Jacob Blake detailed the events of a police shooting that left him paralyzed and contributed to the civil unrest America experienced throughout the 2020 summer. Speaking with Good Morning America's Michael Strahan five months after the shooting, Blake recalled getting shot in front of two of his six children.

"I didn't want to be the next George Floyd. I didn't want to die," Blake said when describing his reaction to getting shot.

According to Blake, he was at the home of Laquisha Booker -- the mother of three of his children -- to celebrate his son's eighth birthday. After an argument occurred between Booker and a neighbor, Blake said he attempted to take his children to the store with him to remove them from the situation. However, Booker called the police and claimed Blake was taking her rental car and refusing to give her back the keys.

Three Kenosha police officers responded to the incident and were alerted of Blake's arrest warrants on charges of trespassing, disorderly conduct, and third-degree sexual assault, stemming from an alleged domestic violence incident earlier that summer. 

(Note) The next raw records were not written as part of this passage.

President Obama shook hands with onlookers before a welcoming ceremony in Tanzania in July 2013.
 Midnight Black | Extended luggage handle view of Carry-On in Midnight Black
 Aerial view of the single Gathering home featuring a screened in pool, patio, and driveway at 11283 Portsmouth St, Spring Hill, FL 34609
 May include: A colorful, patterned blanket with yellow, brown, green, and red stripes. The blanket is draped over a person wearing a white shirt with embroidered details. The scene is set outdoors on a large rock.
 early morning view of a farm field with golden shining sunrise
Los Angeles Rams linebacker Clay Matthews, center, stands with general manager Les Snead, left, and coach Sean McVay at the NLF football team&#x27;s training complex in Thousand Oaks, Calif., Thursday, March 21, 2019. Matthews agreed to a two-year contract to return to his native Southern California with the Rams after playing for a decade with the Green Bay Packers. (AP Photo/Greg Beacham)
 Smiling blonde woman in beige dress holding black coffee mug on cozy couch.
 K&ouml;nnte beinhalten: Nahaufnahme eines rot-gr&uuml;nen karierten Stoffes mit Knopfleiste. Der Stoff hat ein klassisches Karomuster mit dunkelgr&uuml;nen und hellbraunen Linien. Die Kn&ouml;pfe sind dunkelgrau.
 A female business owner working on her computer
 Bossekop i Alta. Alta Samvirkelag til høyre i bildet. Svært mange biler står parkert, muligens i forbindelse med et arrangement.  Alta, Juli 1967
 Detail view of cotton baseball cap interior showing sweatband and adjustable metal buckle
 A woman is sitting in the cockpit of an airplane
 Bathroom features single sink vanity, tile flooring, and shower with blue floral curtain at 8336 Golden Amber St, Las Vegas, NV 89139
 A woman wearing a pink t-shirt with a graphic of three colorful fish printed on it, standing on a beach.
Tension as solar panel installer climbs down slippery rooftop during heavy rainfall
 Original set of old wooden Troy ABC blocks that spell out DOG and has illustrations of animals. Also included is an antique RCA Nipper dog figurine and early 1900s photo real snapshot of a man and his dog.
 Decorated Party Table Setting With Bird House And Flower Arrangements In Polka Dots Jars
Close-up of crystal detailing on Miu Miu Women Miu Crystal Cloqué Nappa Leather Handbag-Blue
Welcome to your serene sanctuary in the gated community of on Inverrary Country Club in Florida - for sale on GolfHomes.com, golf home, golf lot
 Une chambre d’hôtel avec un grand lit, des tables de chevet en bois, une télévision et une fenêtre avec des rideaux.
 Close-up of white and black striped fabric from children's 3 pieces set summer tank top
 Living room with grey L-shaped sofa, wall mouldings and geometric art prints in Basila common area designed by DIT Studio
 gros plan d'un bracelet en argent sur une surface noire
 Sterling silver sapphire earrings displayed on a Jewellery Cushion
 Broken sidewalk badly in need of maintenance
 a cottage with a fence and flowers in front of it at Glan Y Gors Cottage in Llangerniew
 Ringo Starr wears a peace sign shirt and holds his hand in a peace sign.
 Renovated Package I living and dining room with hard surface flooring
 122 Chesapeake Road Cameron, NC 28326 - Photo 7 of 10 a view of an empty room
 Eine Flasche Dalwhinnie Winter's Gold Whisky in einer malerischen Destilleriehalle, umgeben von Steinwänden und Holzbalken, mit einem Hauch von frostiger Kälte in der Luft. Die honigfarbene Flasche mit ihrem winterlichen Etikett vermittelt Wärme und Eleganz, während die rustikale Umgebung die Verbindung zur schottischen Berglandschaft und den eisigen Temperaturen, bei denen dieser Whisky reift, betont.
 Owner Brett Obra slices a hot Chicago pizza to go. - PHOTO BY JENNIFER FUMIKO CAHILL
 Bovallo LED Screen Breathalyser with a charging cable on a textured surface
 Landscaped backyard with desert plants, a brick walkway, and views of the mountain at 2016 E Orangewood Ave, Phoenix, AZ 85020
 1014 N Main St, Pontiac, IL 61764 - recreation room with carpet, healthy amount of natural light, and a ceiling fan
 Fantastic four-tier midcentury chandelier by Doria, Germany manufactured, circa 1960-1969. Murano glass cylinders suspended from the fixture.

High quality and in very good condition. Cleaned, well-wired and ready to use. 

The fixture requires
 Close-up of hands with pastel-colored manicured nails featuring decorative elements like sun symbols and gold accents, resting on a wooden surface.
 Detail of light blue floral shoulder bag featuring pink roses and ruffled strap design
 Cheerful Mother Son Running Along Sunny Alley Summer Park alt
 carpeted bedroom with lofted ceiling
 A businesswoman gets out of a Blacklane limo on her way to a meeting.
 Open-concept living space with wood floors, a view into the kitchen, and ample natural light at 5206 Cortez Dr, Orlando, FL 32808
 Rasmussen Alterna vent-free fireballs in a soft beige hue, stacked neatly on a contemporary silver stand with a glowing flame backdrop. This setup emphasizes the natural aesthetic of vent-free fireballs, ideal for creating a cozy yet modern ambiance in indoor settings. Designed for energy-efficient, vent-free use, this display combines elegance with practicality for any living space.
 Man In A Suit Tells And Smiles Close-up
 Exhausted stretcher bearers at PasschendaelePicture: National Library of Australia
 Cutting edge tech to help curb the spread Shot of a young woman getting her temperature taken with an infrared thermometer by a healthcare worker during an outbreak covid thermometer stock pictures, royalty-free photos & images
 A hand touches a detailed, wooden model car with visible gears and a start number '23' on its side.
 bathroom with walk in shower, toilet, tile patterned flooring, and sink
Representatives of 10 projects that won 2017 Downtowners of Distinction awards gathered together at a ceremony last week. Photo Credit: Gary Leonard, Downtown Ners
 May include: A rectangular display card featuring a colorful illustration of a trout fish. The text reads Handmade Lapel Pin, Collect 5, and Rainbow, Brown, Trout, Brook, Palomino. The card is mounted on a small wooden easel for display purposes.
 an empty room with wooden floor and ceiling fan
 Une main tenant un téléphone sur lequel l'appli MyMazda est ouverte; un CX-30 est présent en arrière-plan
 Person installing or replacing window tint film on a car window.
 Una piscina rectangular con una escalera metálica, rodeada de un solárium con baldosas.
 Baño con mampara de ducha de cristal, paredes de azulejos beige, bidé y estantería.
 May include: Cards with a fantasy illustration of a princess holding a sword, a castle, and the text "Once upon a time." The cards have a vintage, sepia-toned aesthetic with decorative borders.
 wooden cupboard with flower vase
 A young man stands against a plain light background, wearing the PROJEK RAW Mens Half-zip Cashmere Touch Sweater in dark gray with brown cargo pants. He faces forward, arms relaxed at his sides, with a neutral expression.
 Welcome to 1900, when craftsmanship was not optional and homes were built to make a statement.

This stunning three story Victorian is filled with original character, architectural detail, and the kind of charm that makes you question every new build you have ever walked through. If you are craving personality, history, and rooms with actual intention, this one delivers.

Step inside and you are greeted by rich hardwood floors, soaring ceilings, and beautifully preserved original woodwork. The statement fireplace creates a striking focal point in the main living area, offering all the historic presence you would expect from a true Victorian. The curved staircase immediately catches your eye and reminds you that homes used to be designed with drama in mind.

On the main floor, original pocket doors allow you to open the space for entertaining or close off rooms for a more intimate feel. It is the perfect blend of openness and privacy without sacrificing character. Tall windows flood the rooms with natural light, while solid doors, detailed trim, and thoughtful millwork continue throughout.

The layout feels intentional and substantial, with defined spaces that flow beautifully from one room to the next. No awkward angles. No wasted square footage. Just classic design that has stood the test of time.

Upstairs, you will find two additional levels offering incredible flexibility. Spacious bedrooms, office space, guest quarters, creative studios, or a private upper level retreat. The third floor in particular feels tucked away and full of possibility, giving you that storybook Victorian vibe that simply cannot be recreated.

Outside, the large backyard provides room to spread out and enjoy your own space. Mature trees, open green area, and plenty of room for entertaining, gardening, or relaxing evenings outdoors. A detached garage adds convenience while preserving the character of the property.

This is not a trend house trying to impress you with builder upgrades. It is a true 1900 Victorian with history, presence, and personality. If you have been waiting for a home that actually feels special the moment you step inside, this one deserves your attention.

Blake said he was putting one of his children in the car when he felt someone grab his arm.

"After I did that, I realize that it was the police and it was like, 'Uh-oh,'" he explained. "Cause when I did that...he slammed me up against the truck."

A struggle ensued between Blake and Officer Rusten Sheskey, leading the cop to use his taser on Blake multiple times.

"At that point, I'm rattled," Blake recalled. "I realized I had dropped my knife, had a little pocket knife. So I picked it up after I got off of him because they tased me and I fell on top of him."

Blake claimed he began walking towards the driver's side of his car so he could put the knife away and surrender to the police before acknowledging that was a mistake.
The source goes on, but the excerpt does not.